## anonymous 3 years ago find any points of discontinuity for the rational function y=(x+3)(x+7)(x+1)/(x-6)(x-5) a.)x = –3, x = –7, x = –1 b.)x = –6, x = –5 c.)x = 3, x = 7, x = 1 d.)x = 6, x = 5

1. anonymous

discontinuity will occur when you have vertical asymptotes.. i.e., when one of the following happens 1. a division by zero i.e., denomiator becomes "0" 2. there is a possibility of having square-root of a negative number.

2. anonymous

in your case, it is the first condition that applies

3. anonymous

what is the answer though cause i dont understand how to figure it out

4. anonymous

set the denominator of the function to 0 $(x-6)(x-5)=0$ solve for x

5. anonymous

so i would do like terms then divde omg idk i hate math

6. anonymous

$a\times b=0$ only if $$a=0$$ or $$b=0$$. so, $x-6=0\qquad x-5=0$ get it?

7. anonymous

OOOOOOOOOOOOO

8. anonymous

just observe that if x=6 or x=5, the denominator becomes zero.

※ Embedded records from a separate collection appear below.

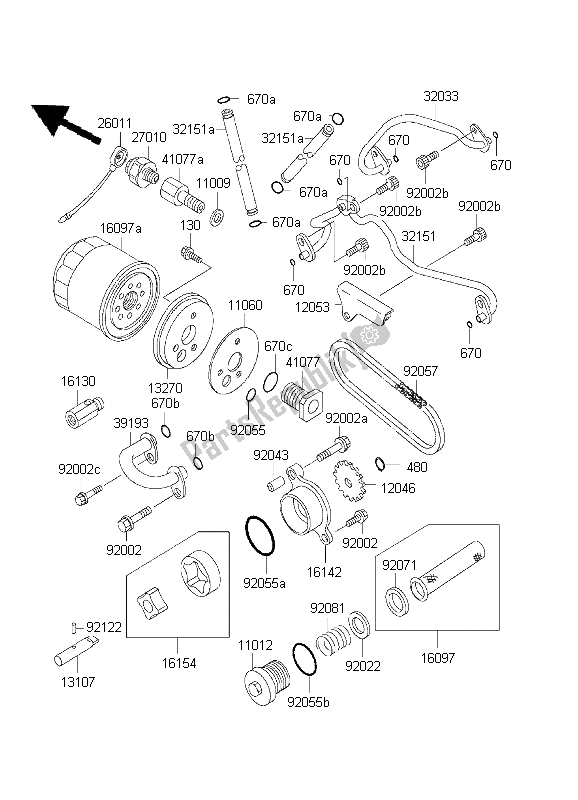 All parts for the Oil Pump of the Kawasaki VN 800 Drifter 1999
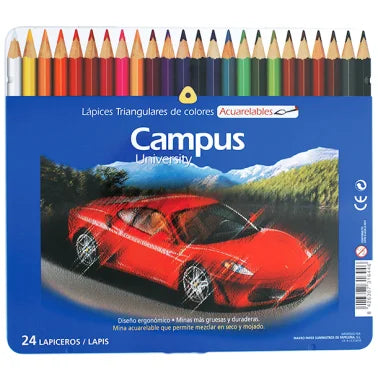 Lápices de Colores Campus University Acuarelable 24 Colores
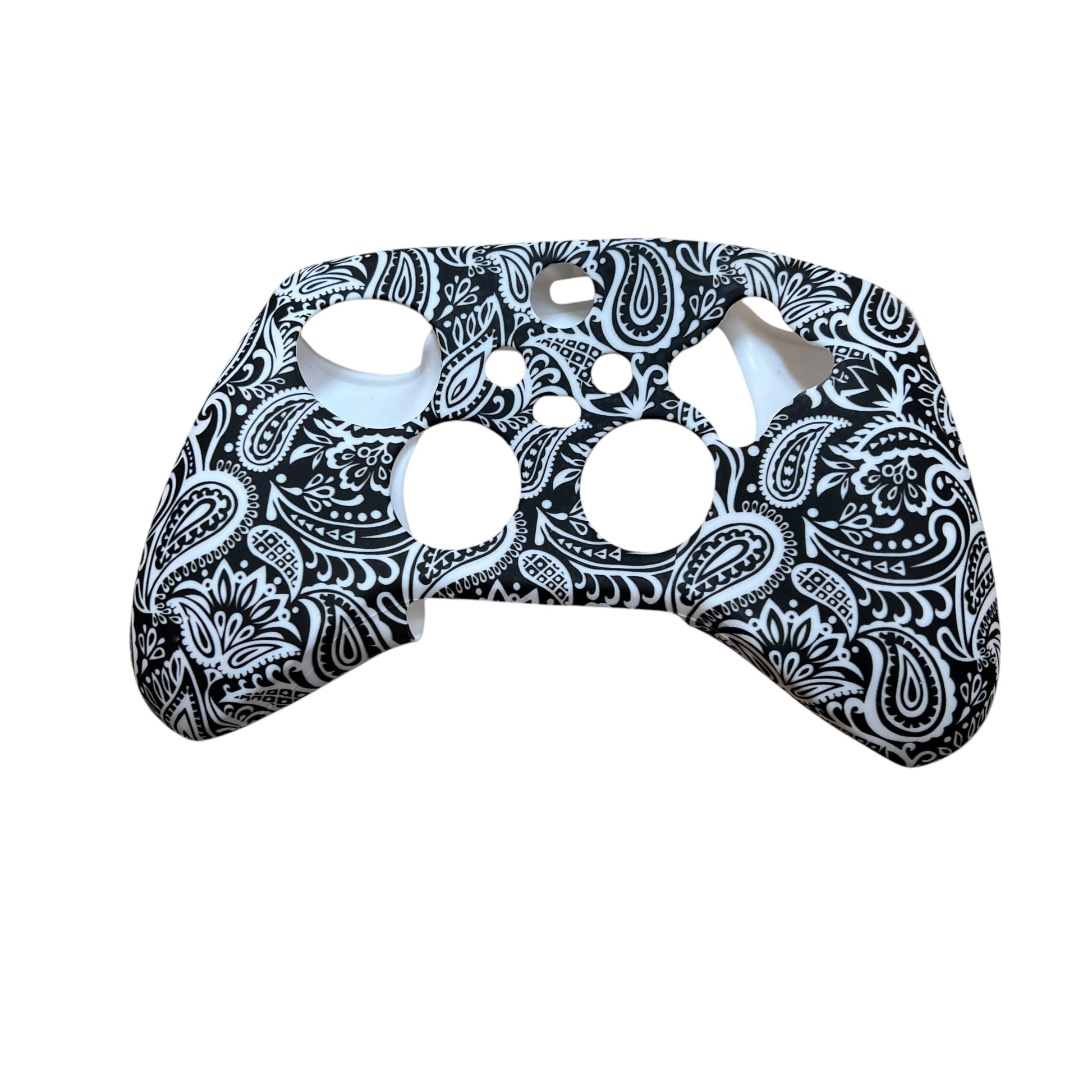 JenDore black white paisley anti-slip silicone grip cover compatible with Xbox Series X wireless controllers. Protects and improves controller grip.
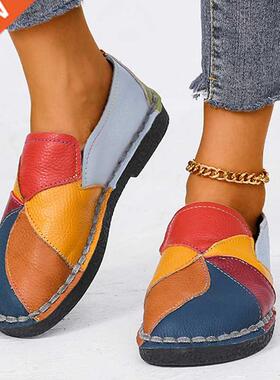 KAMUCC Women Loafers Patches Stitching Flat Shoes 2022 Woman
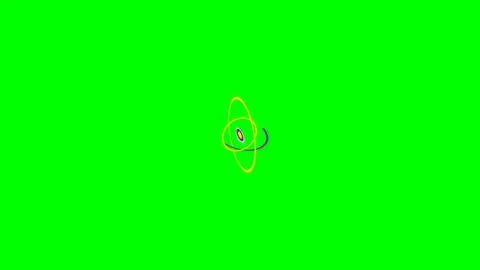 Minimalist digital atom model icon centered on a vibrant green background Stock Footage 340903888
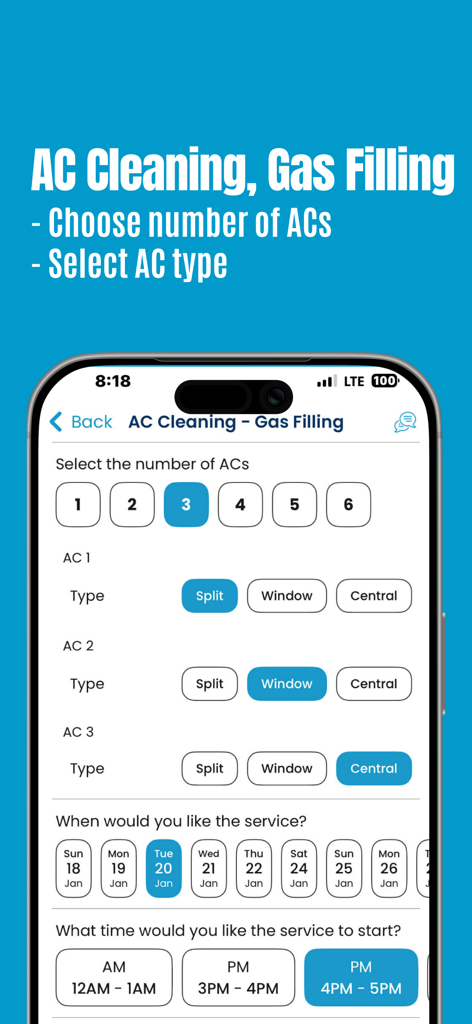 CleanLine - CleanLine app interface for booking AC cleaning and gas filling services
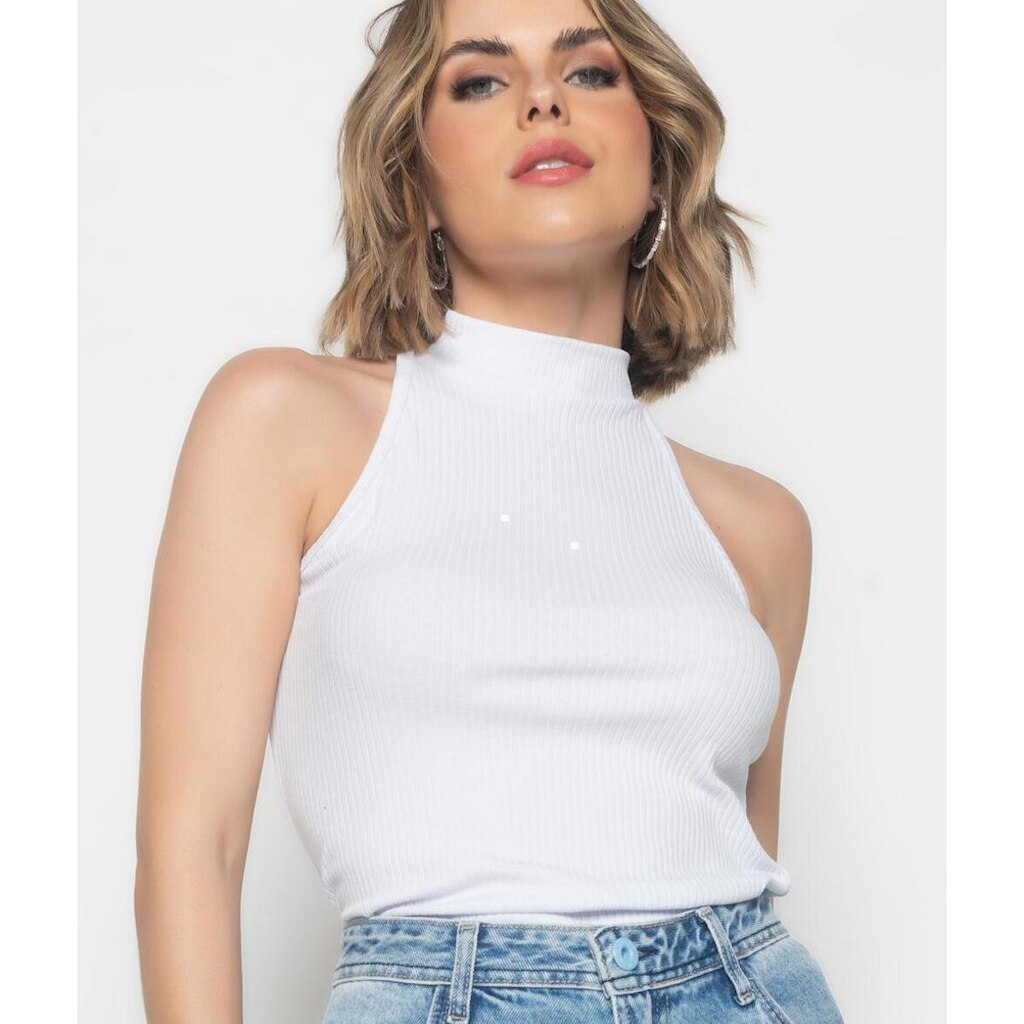 Regata Salvatore Fashion Cava Americana Canelada Feminina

We don't no what happens when you divide something by zero (some say you get a black hole, but whatever.) So, we just say we don't know what happens and don't mark that point on a graph. So, the graph will look like a roller-coaster track that's missing a piece of the track (Oh! the horror).

9. anonymous

ty both of u i have more lol

10. anonymous

that's for another post :P

11. anonymous

lol yeha